The shape of the resale market is similarly unclear: major
registrars have tacitly folded resale subsidiaries such
as Afternic and the dollar value of sales by small-scale
speculators ("this domain for sale") is impossible
to map.
arbitration
We have considered domain name dispute resolution mechanisms
in discussing disputes,
the auDRP, and UDRP, and ADR.
There has been almost no literature on domain name disputes
as a business sector; attention has instead focussed on
the significance of cybersquatting, the legitimacy of
protection for trademark owners and other entities or
specific features of mechanisms such as the UDRP and ACPA.
The
arbitration sector encompasses arbitration service providers
and the lawyers that act for the parties in disputes over
domain names.

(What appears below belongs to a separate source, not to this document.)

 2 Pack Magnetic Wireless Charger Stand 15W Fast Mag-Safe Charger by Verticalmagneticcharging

The value of turnover in the sector and
the number of people (or entities) involved is unknown.
It is clear that at the gTLD level most domain name arbitration
is provided on a commercial basis by WIPO,
the Geneva-based global intellectual property organization.

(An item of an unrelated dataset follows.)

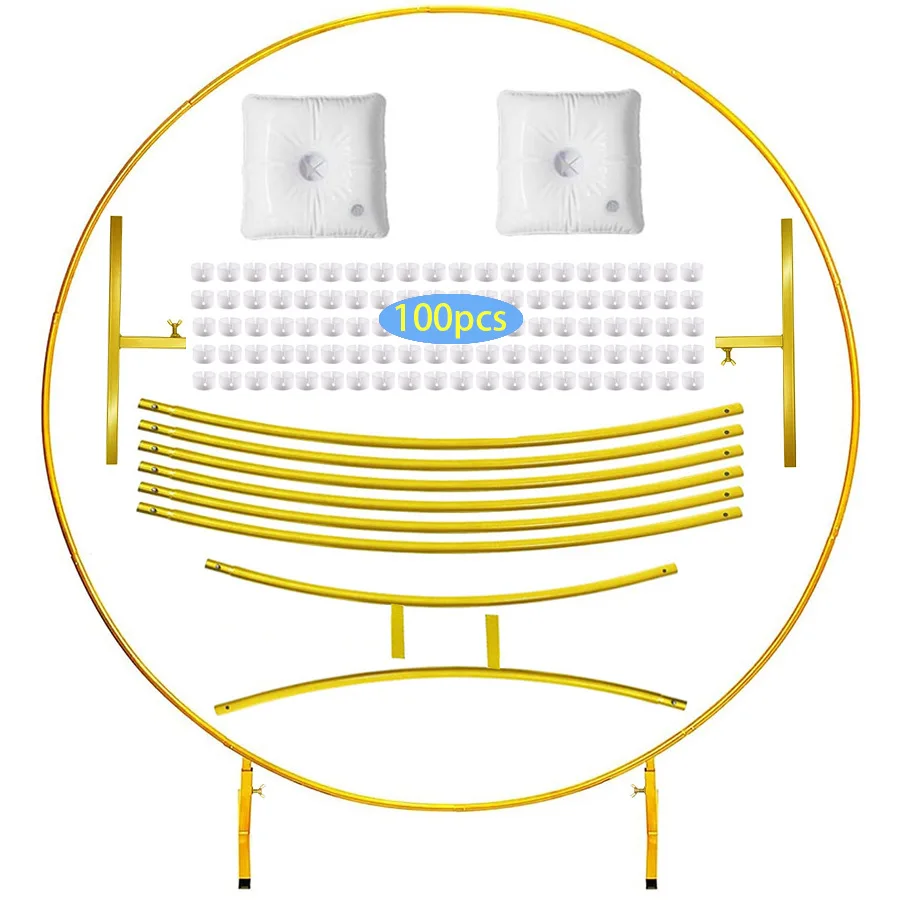 

Round Metal Iron Arch Wedding Backdrop stand Wedding Arch Birthday Party Decor Artificial Flower balloon Stand Shelf Door Arch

Other gTLD arbitration is provided by the three other
services accredited by ICANN.
Some indication of the economics is provided by the withdrawal
from the market in late 2001 of eResolution. Arbitration
regarding ccTLDs is provided by services accredited by
the pertinent domain regulator; the Australian auDRP scheme
for example is highlighted here.
Most
action in Australia and overseas appears to have been
handled by major corporate or specialist law firms: under
100 firms account for most cases. Action under trademark
or other legislation such as the US AntiCybersquatting
Protection Act similarly appears to have involved
'high end' law firms and many disputes - rightly or otherwise
- appear to have terminated when the registrant received
a stern letter from the 60th floor.
services
A sense of the number of domain names registered -
and smaller number in active use - is provided in the
Metrics & Statistics
guide.
next page
(squatting)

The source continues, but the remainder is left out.